Formation damage

Integrated Approach Identifies Formation Damage in Unfavorable Conditions

The success of water-conformance operations often depends on clear identification of the water-production mechanism. Such assessment can be complicated significantly when formation damage is also occurring.


The success of water-conformance operations often depends on clear identification of the water-production mechanism. Such assessment can be complicated significantly when formation damage is also occurring. Coiled tubing (CT) and distributed temperature sensing (DTS) were combined to overcome challenging conditions (high temperature, low injectivity, high deviation, long perforated intervals, and wellbore damage) to identify damaged oil zones and suspected water-bearing zones in an onshore well in Japan.


Source and location affect the selection of water-shutoff techniques, which are either mechanical or chemical in nature or a combination. No matter the operational approach, identification of the water zone is a critical step for any subsequent course of actions.

One method for the identification of water-producing zones is the use of production logging. Conventional production logging uses spinners and capacitance logs to detect water flow in the wellbore.

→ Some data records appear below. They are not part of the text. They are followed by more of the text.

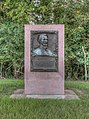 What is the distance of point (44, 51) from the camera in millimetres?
8039

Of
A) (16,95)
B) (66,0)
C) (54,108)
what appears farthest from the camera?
(66,0)

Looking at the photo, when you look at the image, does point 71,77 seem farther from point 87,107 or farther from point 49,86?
point 87,107

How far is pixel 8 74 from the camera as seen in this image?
45.4 ft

Production logging tools (PLTs) can be deployed into the wellbore using slickline, wireline, or CT. To enable real-time evaluation of the acquired data, possible options include wireline, digital slickline, and CT equipped with either a conductor cable or fiber optics.

In damaged wells with high water cut, flow conditions can be unstable, with drastic changes in flow regimes. Once the well can no longer sustain stable flow because of reservoir depletion or damage in the absence of an artificial-lift method, a PLT becomes impractical. Furthermore, when wellbore conditions are complicated by the presence of debris or contaminants, data acquisition itself becomes difficult. Quantification of the damage profile and of water-producing intervals is of great importance in proper planning for subsequent operations.

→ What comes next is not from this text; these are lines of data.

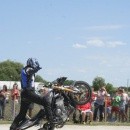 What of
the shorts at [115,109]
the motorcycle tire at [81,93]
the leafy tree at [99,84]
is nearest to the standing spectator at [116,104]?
the shorts at [115,109]

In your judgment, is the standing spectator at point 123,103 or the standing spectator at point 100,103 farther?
the standing spectator at point 123,103

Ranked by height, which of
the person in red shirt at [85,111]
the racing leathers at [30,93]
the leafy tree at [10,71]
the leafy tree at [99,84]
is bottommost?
the person in red shirt at [85,111]

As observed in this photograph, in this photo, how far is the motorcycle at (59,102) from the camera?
13328mm

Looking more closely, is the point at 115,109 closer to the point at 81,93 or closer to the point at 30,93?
the point at 81,93

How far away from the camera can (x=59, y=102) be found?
13438mm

To address these challenges, an alternative approach was used wherein DTS obtained through fiber optics deployed with CT was used to quantify damage profiles in severely damaged wells and to identify suspected water-bearing zones by integrating complementary information.

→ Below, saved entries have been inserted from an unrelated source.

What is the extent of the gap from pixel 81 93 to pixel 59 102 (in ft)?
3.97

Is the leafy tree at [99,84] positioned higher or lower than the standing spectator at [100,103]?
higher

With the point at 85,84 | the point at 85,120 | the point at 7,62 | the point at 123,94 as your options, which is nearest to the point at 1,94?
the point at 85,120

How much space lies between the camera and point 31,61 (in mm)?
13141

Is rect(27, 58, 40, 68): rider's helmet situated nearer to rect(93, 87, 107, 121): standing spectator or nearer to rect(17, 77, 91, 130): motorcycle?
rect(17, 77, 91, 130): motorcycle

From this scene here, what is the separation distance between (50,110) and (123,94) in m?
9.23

The proposed operational procedures are similar to those used for the quantification of fluid placement during acidizing operations: injection of fluid to cool down the formation and shut-in to measure rate and amplitude of temperature recovery along intervals of interest. In the present case, brine was used as the injection fluid. Quantification of the damage and injection-rate profiles are achieved by temperature inversion; the measured DTS data are matched with the simulated temperature response given by combined flow and thermal numerical models accounting for key formation and near-wellbore parameters.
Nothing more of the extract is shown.